Pristina/Belgrade, 6 July 1999 (RFE/RL) - Thousands of protesters in Serbia called for the resignation of Yugoslav President Slobodan Milosevic yesterday. Our correspondent says about 20,000 people marched through the southern Serbian town of Leskovac, about 250 km south of Belgrade, last evening to demand change and the resignation of Milosevic. Opposition groups also gathered in Belgrade and other parts of Serbia to voice their dissatisfaction with the government or collect signatures on a petition calling for Milosevic to go. Meanwhile, Russian military officials say a plane carrying Russian paratroopers took off from Russia this morning to join the NATO-led peacekeeping mission in Kosovo.

The protest rally was organized by a local television tape editor who started the protest with calls for local political leaders to resign. But as people gathered it became an anti-government rally with many protesters demanding Milosevic step down.

Opposition politicians, the Orthodox Church, trade unions and ordinary people have been calling for Milosevic to resign for the past few weeks after NATO's air campaign devastated the country.

Meanwhile, Vladan Batic, coordinator of the Alliance for Change, said yesterday that Yugoslavia's divided opposition has a chance to unite and form a joint effort to get rid of Milosevic if Vuk Draskovic's party, the Serbian Renewal Movement, comes out firmly for a change of government.

Yugoslav opposition leader Zoran Djindjic is quoted today as predicting that Milosevic will have lost power by the end of this year.

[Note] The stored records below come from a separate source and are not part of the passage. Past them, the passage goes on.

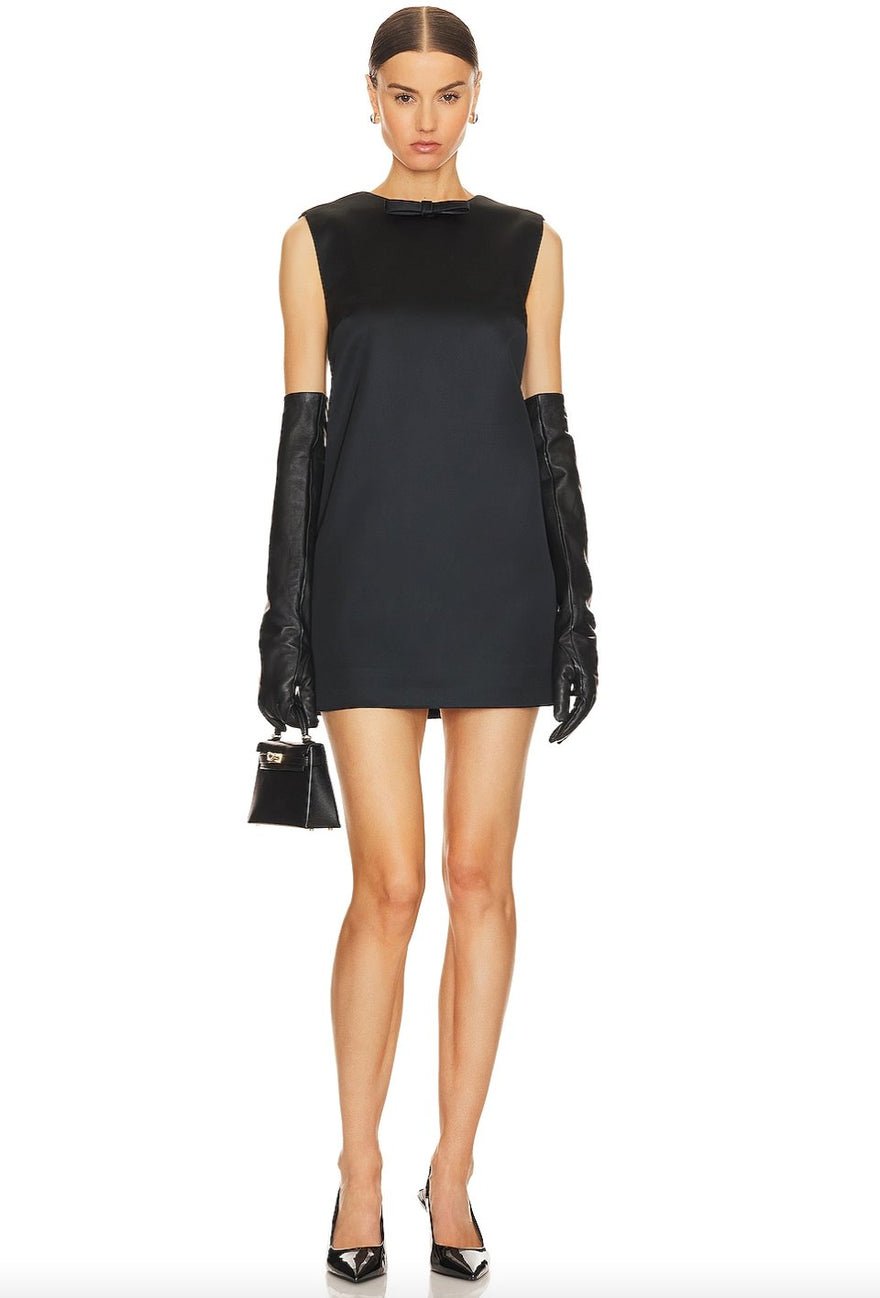 Helsa Studio Heavy Satin Mini Dress photo 2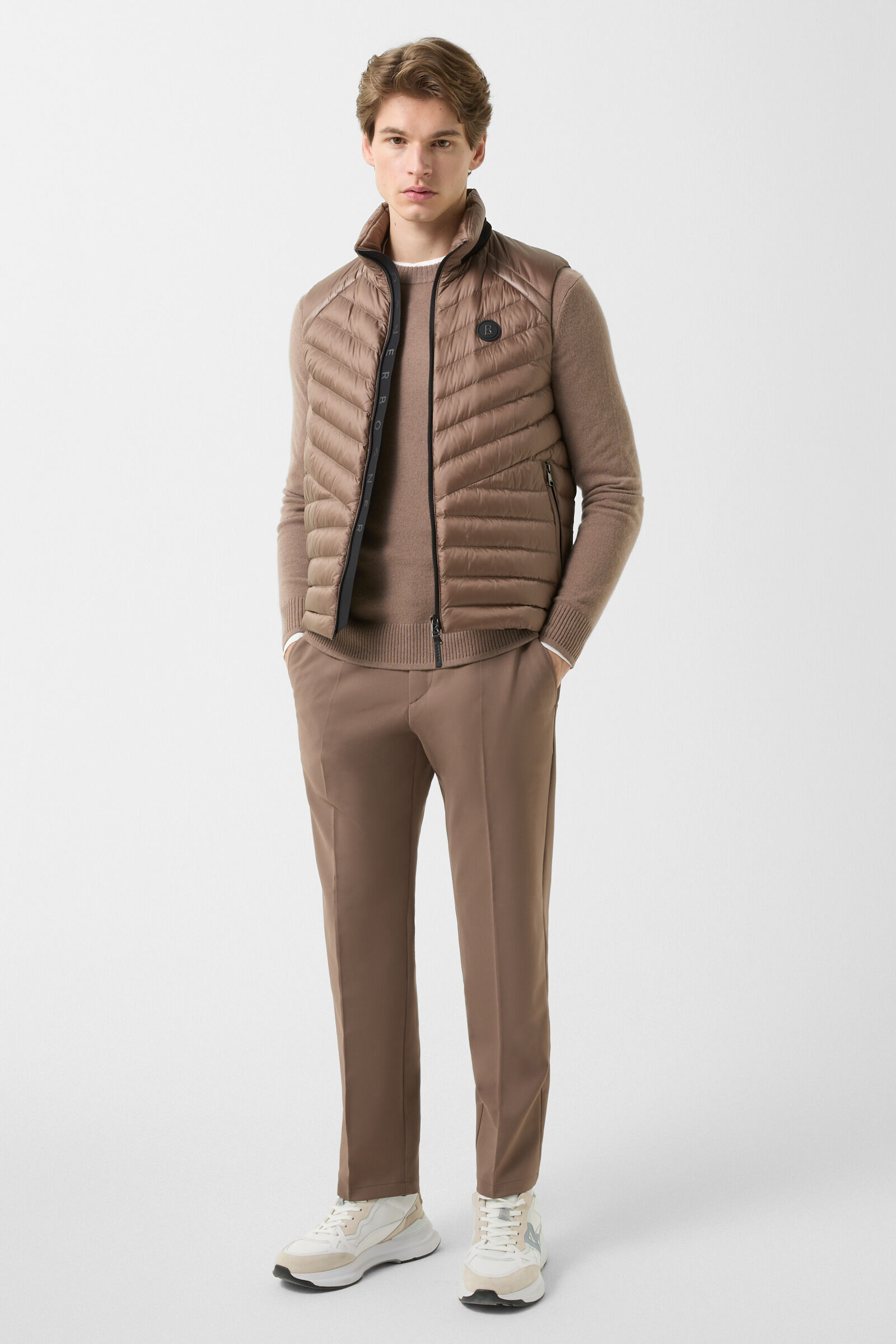 Kaschmir-Pullover Brendon Mud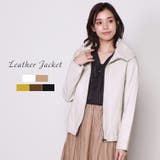 レザージャケット 本革 レディース | sankyo shokai  | 詳細画像1 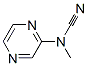 Cyanamide, methylpyrazinyl- (9CI) Struktur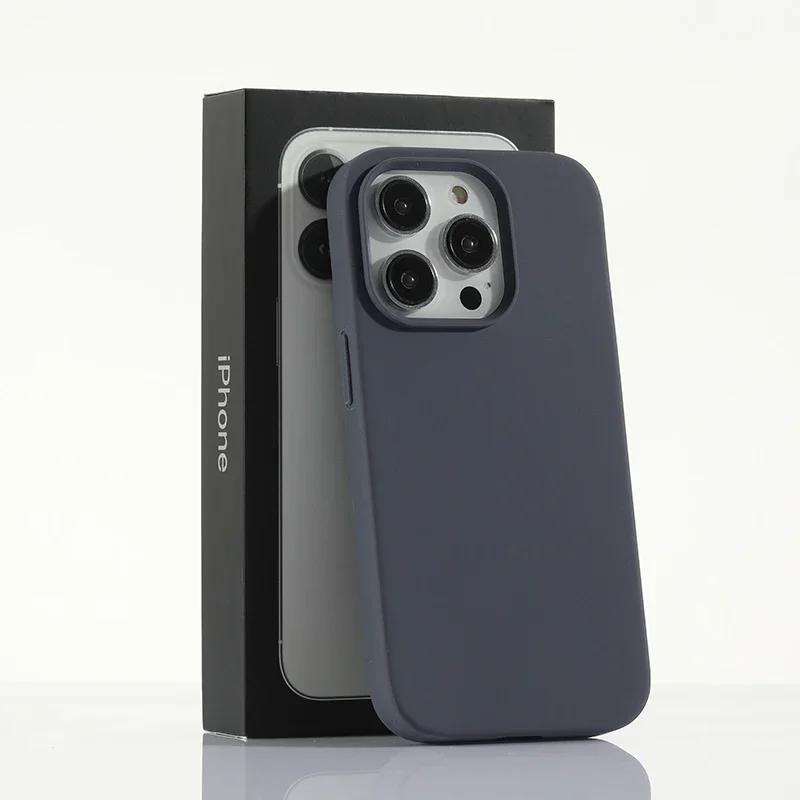 Для iPhone 16 15 14 13 12 Pro Max чехол оригинальный жидкий силиконовый чехол для iPhone 16ProMax противоударный задний чехол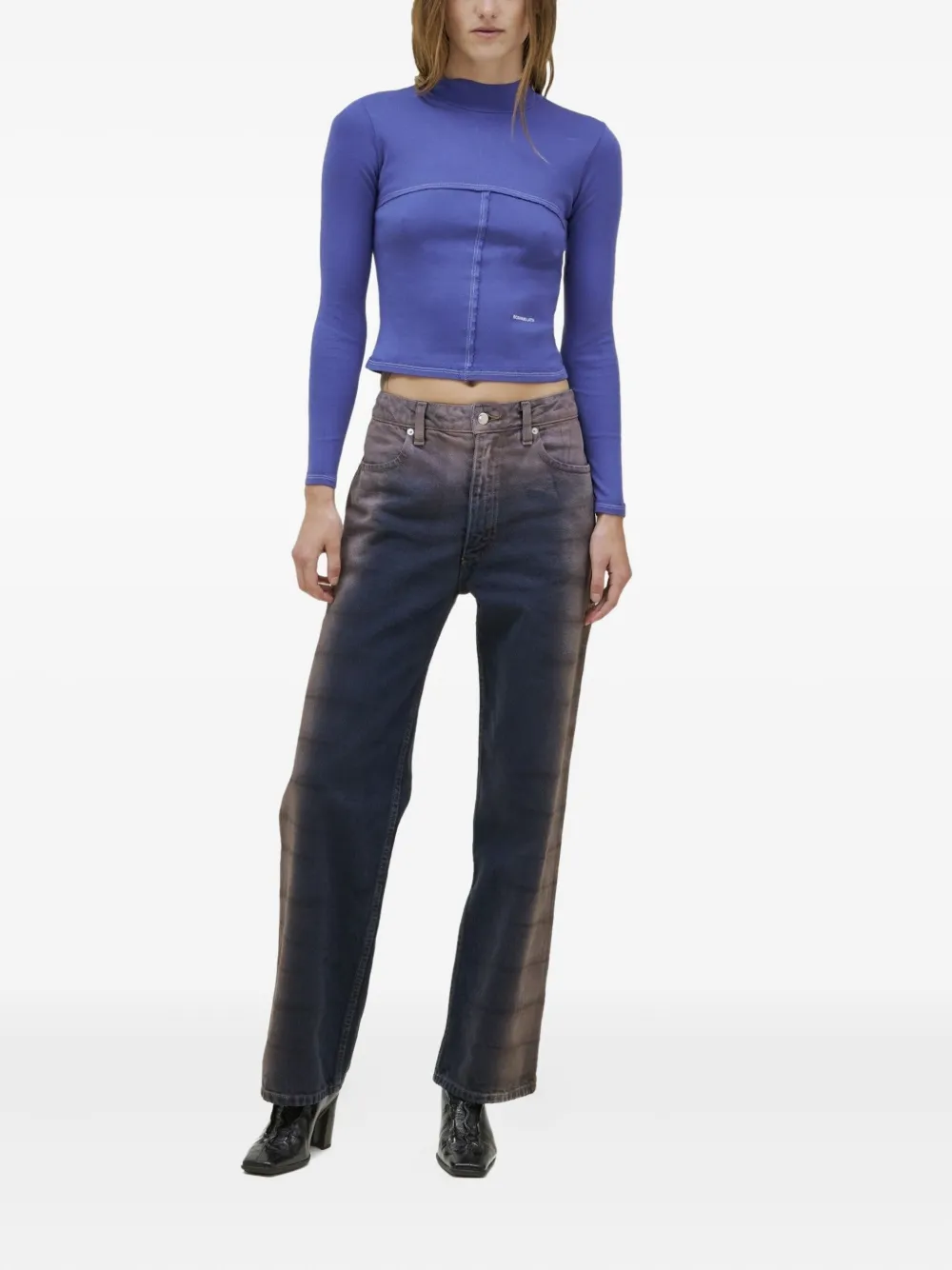 Eckhaus Latta long-sleeve turtleneck T-shirt | T-Shirts & Jersey Shirts | Image 2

Speaking to Britian's Times and Independent newspapers, Djindjic, the leader of the Democratic Party, said he wants to organize a network of daily street protests in towns and cities across Serbia until Milosevic is forced to step down.

Meanwhile in Moscow yesterday, NATO and Russia said they resolved a dispute that had led the alliance over the weekend to block flights carrying additional Russian troops to Kosovo.

Russia had been seeking changes to an earlier agreement with NATO setting out the scope and role of the Russian deployment in the province.

Officials said Russian forces will be authorized to patrol in parts of the U.S.-, German- and French-controlled sectors of Kosovo. Russia already has 750 troops based at the Pristina airport in the British-controlled sector. Moscow says it wants to send a total of 3,600 troops to participate in the 50,000-strong KFOR mission.